Une déception exprimée par l’homme qu’il décrit dans la lettre comme « un ami de l’Église et de moi-même », le vice-président d’alors, Joe Biden. L’amitié avec l’ex-second d’Obama ne devrait pas être une vantardise de l’ancien cardinal, qui en 2015 a prononcé l’éloge funèbre de son fils Beau dans l’église de Saint Anthony à Wilmington (un de ces événements mis en évidence dans le rapport, auquel Mgr Viganò a également assisté en tant que nonce apostolique).

« AMBASSADEUR » À CUBA. MAIS POUR LES ÉTATS-UNIS

C’est justement sous l’administration Obama, mais après la fin du pontificat de Benoît XVI que l’ex-cardinal globe-trotter – qui entre-temps n’avait jamais cessé d’enfreindre les instructions informelles reçues du préfet de la Congrégation pour les évêques – est réapparu sur la scène internationale tant désirée dans les jours sombres entre 2006 et 2009, en jouant un rôle dans l’établissement de la politique de détente entre Washington et le régime castriste.

Pour avoir une idée du poids politique de McCarrick, il suffit de savoir que, selon le Rapport publié mardi, « il a agi à la demande de l’administration Obama pour contribuer à promouvoir de meilleures relations entre Cuba et les États-Unis ».

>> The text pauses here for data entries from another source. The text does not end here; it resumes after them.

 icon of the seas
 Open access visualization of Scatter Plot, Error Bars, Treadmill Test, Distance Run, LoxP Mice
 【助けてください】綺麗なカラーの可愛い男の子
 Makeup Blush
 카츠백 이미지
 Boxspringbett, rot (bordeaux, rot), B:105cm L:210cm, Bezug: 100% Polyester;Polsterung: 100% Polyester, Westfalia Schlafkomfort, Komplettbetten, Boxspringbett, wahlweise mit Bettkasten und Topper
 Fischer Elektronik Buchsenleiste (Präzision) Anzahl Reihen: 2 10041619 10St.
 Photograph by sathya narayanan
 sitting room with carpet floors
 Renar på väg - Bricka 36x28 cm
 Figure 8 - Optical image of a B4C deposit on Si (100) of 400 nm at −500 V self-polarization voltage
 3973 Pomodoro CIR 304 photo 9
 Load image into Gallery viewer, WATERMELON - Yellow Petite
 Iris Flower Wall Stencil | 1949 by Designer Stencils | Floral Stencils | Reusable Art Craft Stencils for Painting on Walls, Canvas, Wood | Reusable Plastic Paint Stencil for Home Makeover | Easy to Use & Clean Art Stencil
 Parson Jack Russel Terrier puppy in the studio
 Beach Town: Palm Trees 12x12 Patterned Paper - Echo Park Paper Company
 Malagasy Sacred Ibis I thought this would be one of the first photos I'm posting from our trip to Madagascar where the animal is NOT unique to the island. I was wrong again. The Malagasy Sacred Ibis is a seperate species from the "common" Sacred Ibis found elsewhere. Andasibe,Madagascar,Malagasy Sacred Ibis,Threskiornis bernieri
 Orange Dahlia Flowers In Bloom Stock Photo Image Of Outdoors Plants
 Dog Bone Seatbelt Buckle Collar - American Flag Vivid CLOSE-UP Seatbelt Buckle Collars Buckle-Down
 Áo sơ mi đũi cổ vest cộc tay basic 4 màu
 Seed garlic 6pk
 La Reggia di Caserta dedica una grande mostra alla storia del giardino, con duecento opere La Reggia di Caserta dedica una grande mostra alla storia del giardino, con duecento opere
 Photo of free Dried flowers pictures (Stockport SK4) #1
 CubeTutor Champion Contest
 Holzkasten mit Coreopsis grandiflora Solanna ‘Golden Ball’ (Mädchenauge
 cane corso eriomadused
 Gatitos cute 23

Il y a plus: l’enquête de la secrétairerie d’État révèle qu’en août 2014, McCarrick s’est rendu à Cuba « sur la base de consultations avec des responsables de la Maison Blanche » en emportant une lettre d’Obama au cardinal Ortega et en demandant à ce dernier de lui remettre une lettre que le pape François lui avait confiée pour le président américain. « Cependant », lit-on dans le rapport, « le cardinal Ortega, agissant selon les strictes instructions du pontife de remettre la lettre à Obama en main propre, a refusé de la remettre à McCarrick, qui est parti de Cuba les mains vides ».

De ces détails, on apprend donc que sur la question cubaine, l’ex-cardinal a agi pour le compte de l’administration démocrate américaine et a donné la preuve de cette intrusion dans les relations diplomatiques du Saint-Siège évoquée dans le Rapport des cardinaux Dolan et Di Nardo, recevant le juste refus du cardinal Ortega. Le grand crédit réservé par la classe dirigeante démocrate de l’époque à un archevêque à la retraite a été l’objet d’une tentative d’explication du nonce Sambi qui jugeait « très périlleuse » la rencontre entre le protagonisme d’un cardinal défini comme n’étant pas « un champion de la cohérence du comportement par rapport à la doctrine de l’Église » et une administration qui « soutenait des positions inconciliables avec l’enseignement de l’Église ». Une rencontre qui, malgré la crainte du diplomate du Vatican, a finalement eu lieu à Cuba.